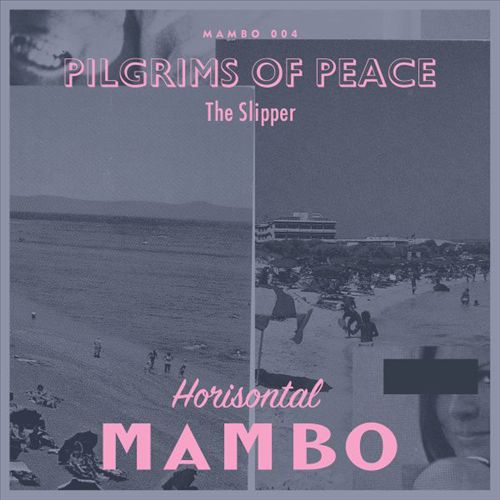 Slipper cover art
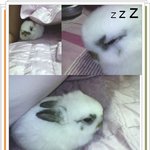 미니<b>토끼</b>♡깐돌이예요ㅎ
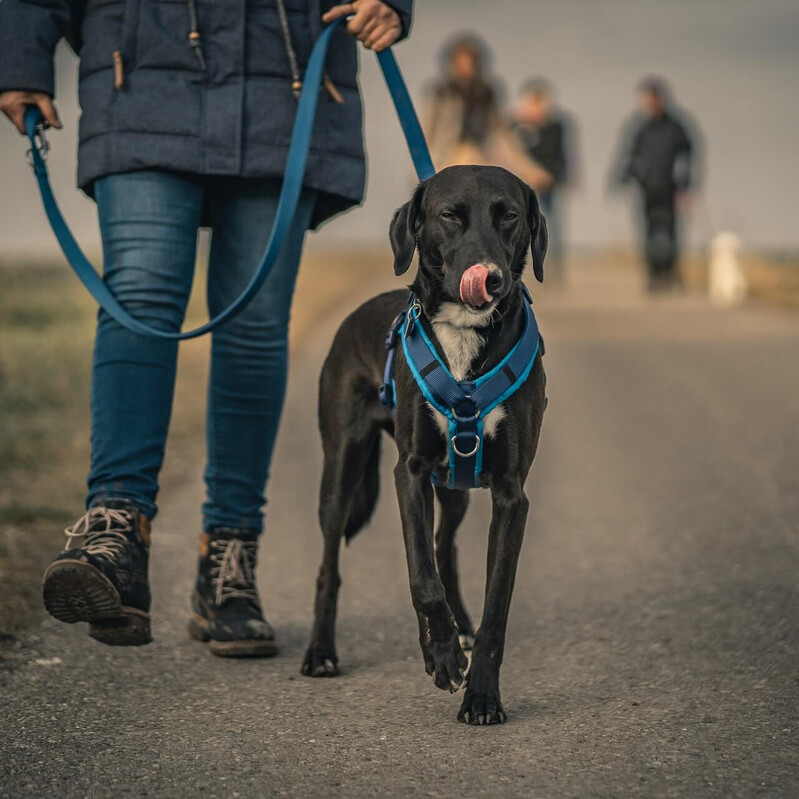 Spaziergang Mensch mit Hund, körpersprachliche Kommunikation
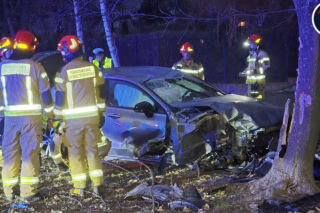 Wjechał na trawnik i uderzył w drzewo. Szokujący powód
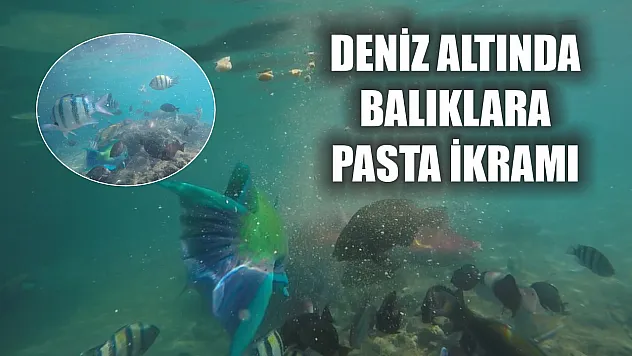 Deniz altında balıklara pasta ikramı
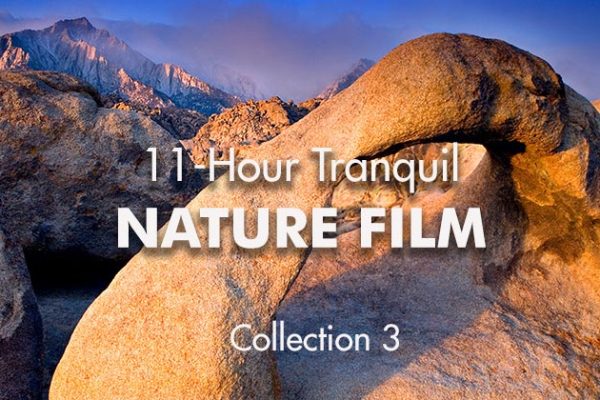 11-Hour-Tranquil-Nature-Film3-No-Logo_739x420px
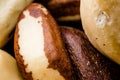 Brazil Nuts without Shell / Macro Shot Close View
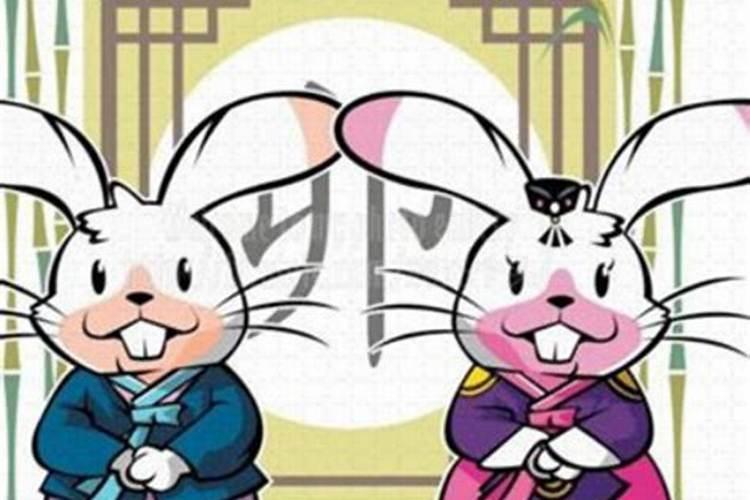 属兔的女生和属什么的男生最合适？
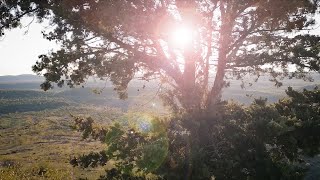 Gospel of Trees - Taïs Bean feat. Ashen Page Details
-------
Directions for this task — The lines from the start of the data through the line that contains "属兔的女生和属什么的男生最合适？" are to be returned exactly, please, with both ends included and every picture left out.

Expected output —
 Slipper cover art
 미니<b>토끼</b>♡깐돌이예요ㅎ
 Spaziergang Mensch mit Hund, körpersprachliche Kommunikation
 Wjechał na trawnik i uderzył w drzewo. Szokujący powód
 Deniz altında balıklara pasta ikramı
 11-Hour-Tranquil-Nature-Film3-No-Logo_739x420px
 Brazil Nuts without Shell / Macro Shot Close View
 属兔的女生和属什么的男生最合适？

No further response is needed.